# [EXERCISE DETAILS]
For each line of the data below that contains "Print", return that line.

# [Source records]
↓

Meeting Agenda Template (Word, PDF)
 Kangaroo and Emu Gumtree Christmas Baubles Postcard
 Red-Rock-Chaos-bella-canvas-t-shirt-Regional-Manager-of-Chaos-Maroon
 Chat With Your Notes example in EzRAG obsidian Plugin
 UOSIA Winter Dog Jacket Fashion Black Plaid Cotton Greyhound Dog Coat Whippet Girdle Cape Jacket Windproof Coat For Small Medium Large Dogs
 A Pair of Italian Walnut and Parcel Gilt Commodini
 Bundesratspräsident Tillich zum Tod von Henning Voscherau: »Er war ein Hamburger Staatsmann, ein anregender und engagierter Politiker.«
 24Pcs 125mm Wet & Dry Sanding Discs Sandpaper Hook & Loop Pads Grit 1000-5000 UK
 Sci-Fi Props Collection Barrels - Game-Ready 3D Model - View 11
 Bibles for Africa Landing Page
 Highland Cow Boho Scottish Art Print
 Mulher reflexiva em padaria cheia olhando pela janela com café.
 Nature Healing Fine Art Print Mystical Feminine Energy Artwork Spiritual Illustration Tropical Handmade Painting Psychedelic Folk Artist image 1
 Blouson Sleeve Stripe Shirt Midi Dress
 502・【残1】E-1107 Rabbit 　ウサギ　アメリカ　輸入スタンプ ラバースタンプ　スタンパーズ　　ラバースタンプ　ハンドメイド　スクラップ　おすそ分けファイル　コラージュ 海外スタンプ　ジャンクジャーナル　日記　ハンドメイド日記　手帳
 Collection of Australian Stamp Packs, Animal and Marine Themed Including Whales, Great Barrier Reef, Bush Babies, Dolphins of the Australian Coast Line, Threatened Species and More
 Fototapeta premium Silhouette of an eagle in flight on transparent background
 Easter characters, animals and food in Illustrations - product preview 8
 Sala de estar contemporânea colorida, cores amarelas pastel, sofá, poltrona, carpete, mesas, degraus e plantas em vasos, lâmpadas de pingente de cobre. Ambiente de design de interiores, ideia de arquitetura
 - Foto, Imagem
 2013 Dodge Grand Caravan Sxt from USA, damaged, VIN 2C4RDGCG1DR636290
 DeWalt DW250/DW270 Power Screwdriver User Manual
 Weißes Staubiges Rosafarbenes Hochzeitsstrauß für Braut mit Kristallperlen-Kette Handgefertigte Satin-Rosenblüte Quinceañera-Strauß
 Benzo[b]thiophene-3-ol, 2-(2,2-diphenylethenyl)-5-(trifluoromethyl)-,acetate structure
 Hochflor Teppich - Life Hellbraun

↑

# [RESPONSE]
 Highland Cow Boho Scottish Art Print
 Nature Healing Fine Art Print Mystical Feminine Energy Artwork Spiritual Illustration Tropical Handmade Painting Psychedelic Folk Artist image 1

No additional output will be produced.